It’s not my fault Ive got a big ass!

It’s not my fault Ive got a big ass!

I’m going to start this weeks blog a little off topic. Apologies in advance for my small rant but does anyone else have a problem when buying jeans? Some of you probably do, especially if you lift.

Why can’t I find any style of jean that fits other than skinny and even then I’m building up a sweat getting them on. I love the Mom style of jeans, the ones you see all the cool girls wearing with the Stan smiths and the baggy jumpers! I want to wear Mom jeans!! But I can’t because nowhere on planet earth makes Mom jeans that fit a girl with large quads and a arse to match and a small waist. So unless I want to gather the jeans around my waist and tighten with a belt so I look like I’ve got a bag of spuds in my knickers. I CANT WEAR THEM! Look at how annoying that is 😭! They fit my legs perfect then I’ve enough space to fit my dog in! There’s got to me more girls out there who feel my pain? I beg of you Topshop, ASOS, sort it out!

😽

Now about this weeks training… deadlifts are getting me down!

A few weeks before Christmas I thought I’d give the sumo deadlift a go.
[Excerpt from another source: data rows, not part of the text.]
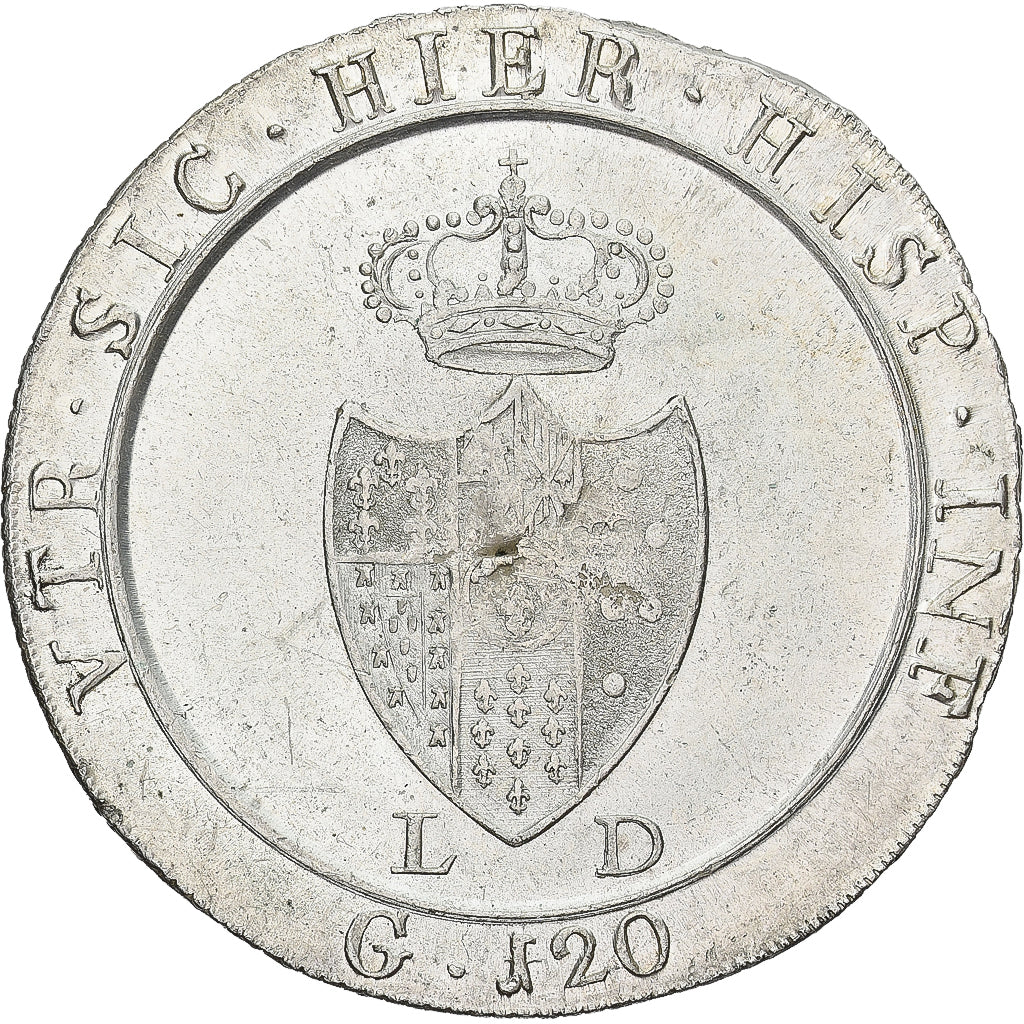 Kingdom of Naples, Ferdinando IV, 120 Grana, 1805, Naples, Plata, MBC, KM:247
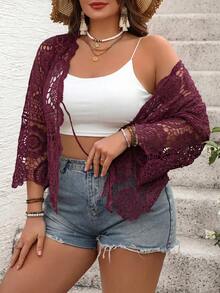 SHEIN CURVE+ Women's Plus Size Solid Color Front Tie Long Sleeve Knit Hollow Out Cardigan, Suitable For Beach Vacation, Bohemian Romantic Style Fall Burgundy - Red Violet - View 6
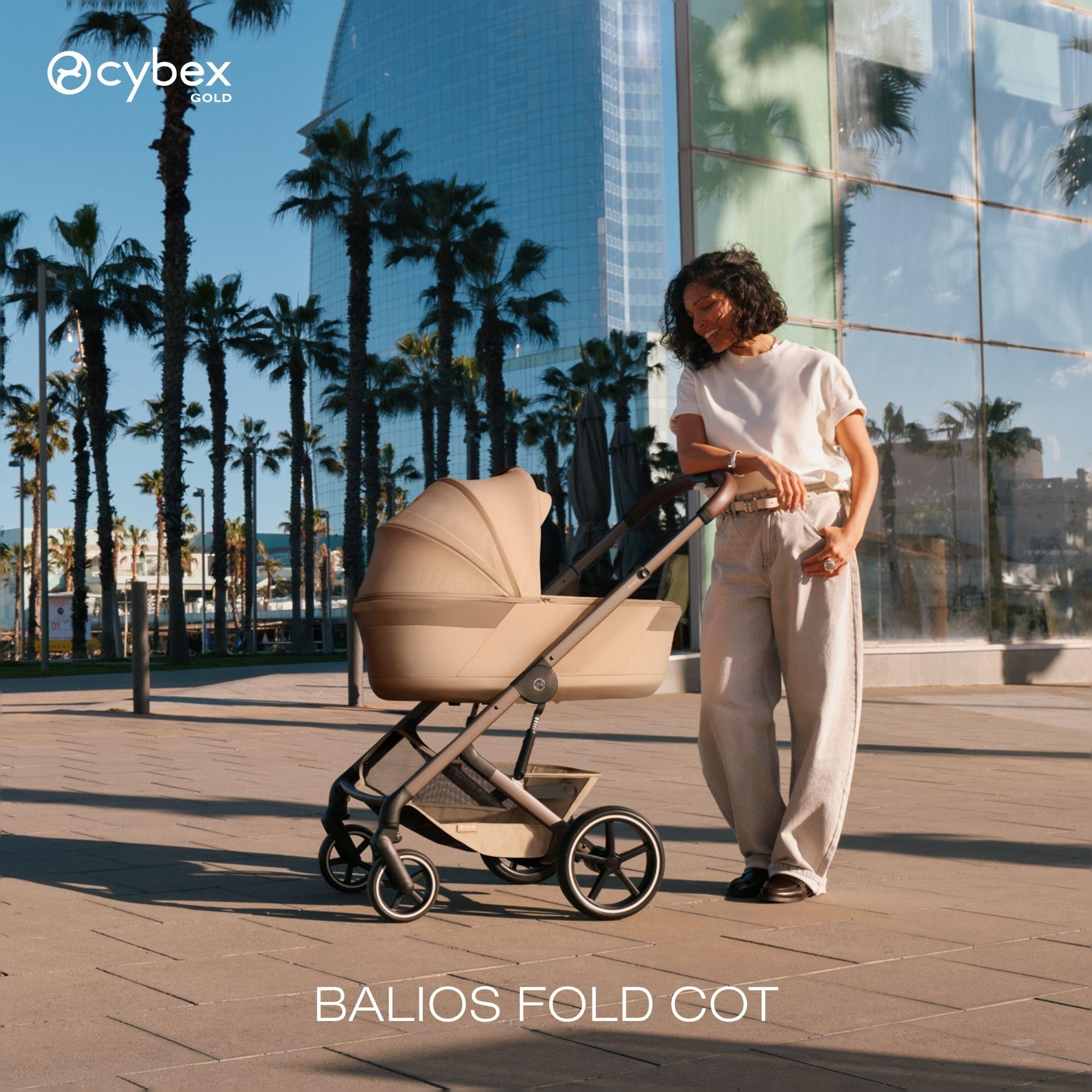 Carrinho de Passeio Duo CYBEX Balios S Lux com Chassis Taupe e Alcofa Dobrável Cybex Fold Cot Verde pardo-5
I’ve never really wanted to do it as I’ve seen it as a sort of cheat, along with the arch in the bench press (🙈 don’t hate me). But hey, if you can’t beat them, join them! So I attempted it. Not going to lie it felt really good. I thought the weight was moving quicker off the ground and my lock out seemed a lot more precise. The numbers were increasing and as much as I hate deadlifts I was hitting all my targets. Sumo was my new best friend. Until I started to feel a slight niggle in my left hip as I pulled through my lift, the more weight that was added the worse the strain was. I don’t have any pain there at any other time, not when I’m squatting or when I’m doing any other exercise. So my relationship with the Sumo was short but sweet. Back to the babe that is conventional 😏. I don’t know why I called it a babe, it’s not a babe. It’s a bloody bastard. Again no videos as I’m a dick and forgot to film anything 😣.

Squats may have taken over from bench as my number one! I feel like I might have finally got the hang of this depth malarkey. Here’s 112.5kg for 2×2. My comp PB is 110kg, so I was proper chuffed with myself this Sunday.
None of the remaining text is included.